#### Exercise prompt:
Exact copy, no pictures: every line from the one that contains "Cawdor-Castle-Clan-Campbell-Castles-4.jpg" through the end of the data below, and nothing else.

#### Data shown:
━━━━━━
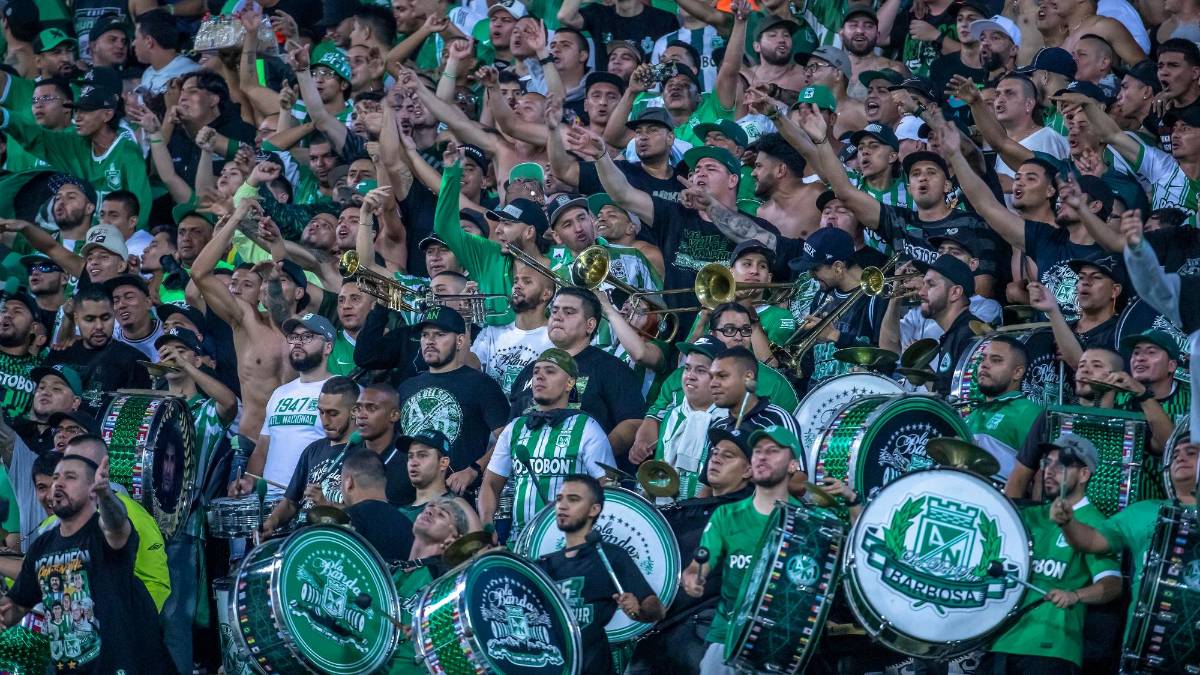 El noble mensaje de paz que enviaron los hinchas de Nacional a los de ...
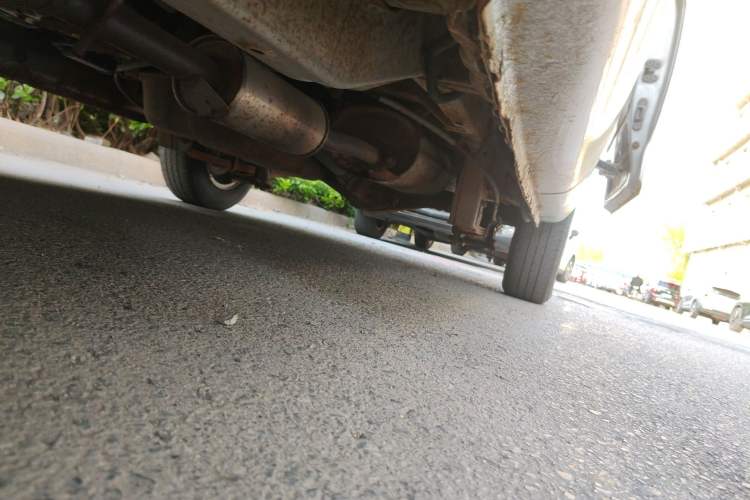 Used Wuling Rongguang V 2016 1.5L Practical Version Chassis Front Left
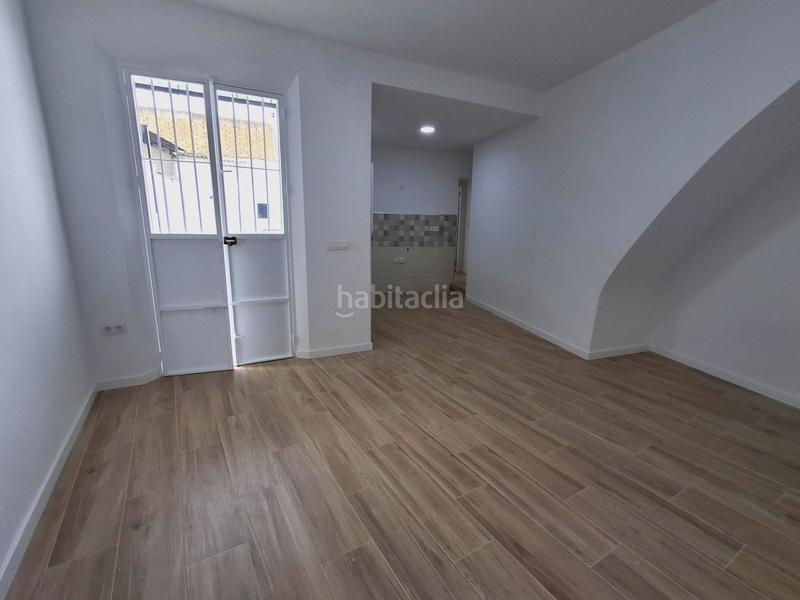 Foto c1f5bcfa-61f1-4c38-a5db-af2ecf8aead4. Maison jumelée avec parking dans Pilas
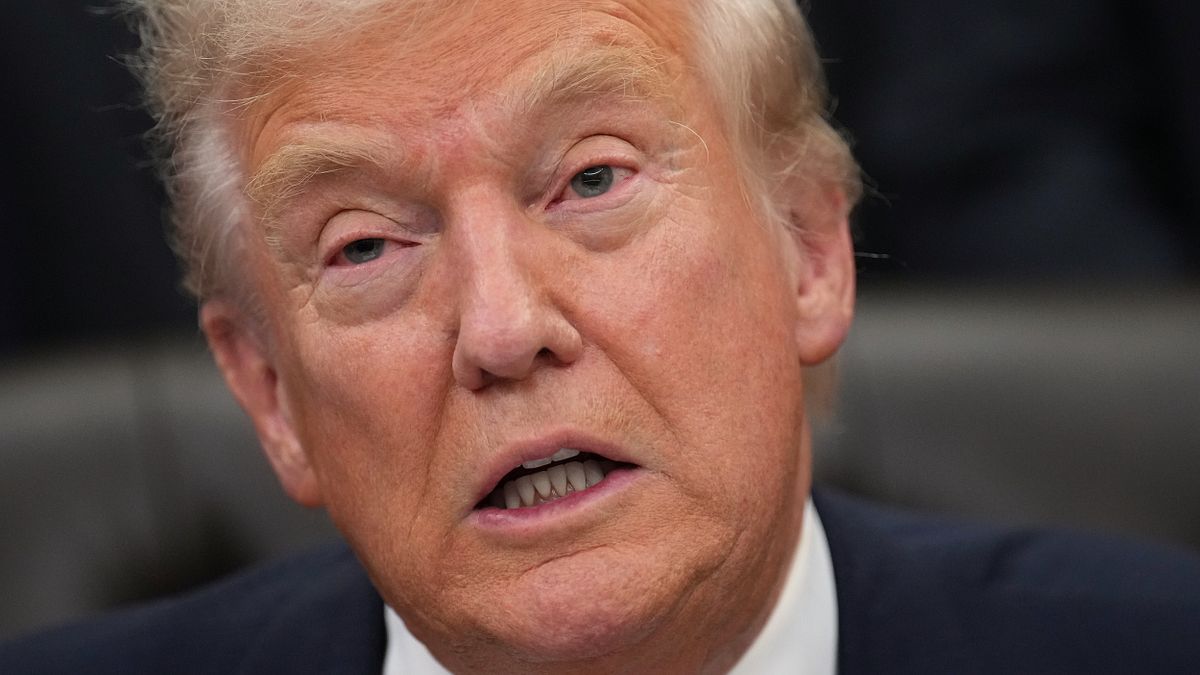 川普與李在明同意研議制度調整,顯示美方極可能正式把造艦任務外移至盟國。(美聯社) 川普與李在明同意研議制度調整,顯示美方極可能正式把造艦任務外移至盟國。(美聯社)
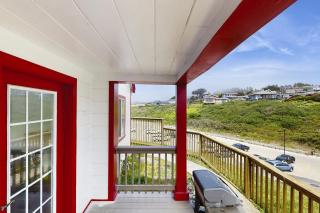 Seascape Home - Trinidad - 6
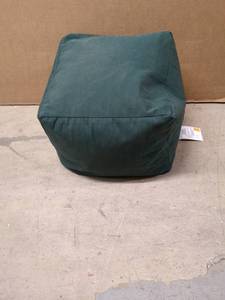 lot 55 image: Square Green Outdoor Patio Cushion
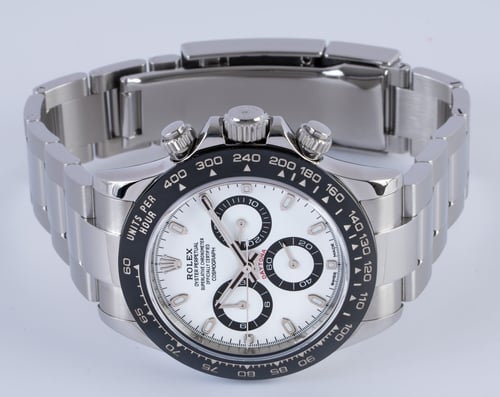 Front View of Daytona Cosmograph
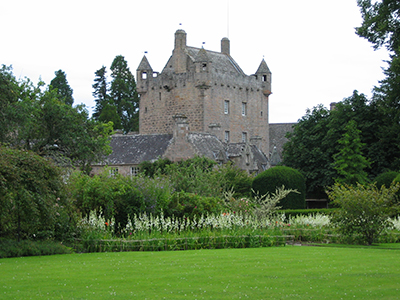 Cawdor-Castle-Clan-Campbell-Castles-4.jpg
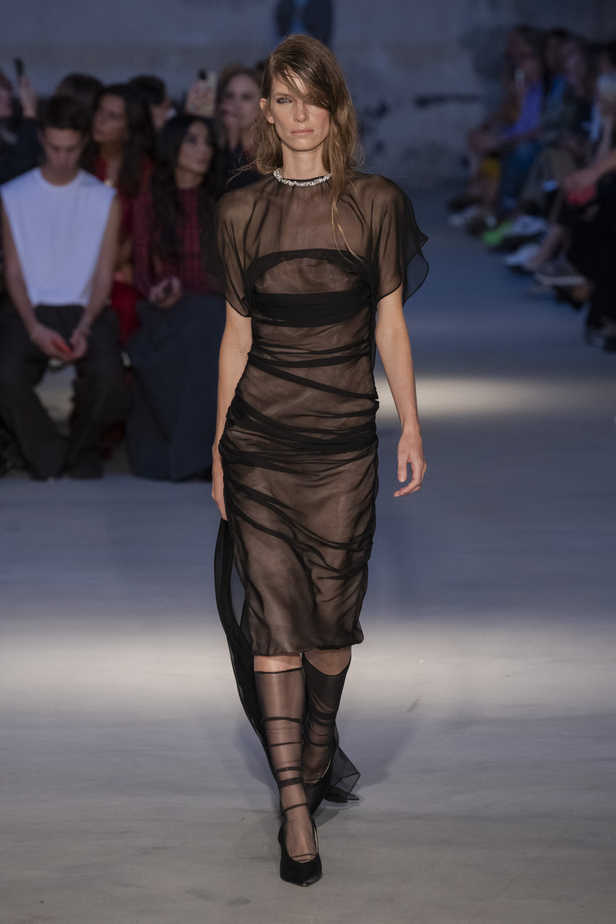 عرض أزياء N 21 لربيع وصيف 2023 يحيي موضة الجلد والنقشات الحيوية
━━━━━━
#### Result:
 Cawdor-Castle-Clan-Campbell-Castles-4.jpg
 عرض أزياء N 21 لربيع وصيف 2023 يحيي موضة الجلد والنقشات الحيوية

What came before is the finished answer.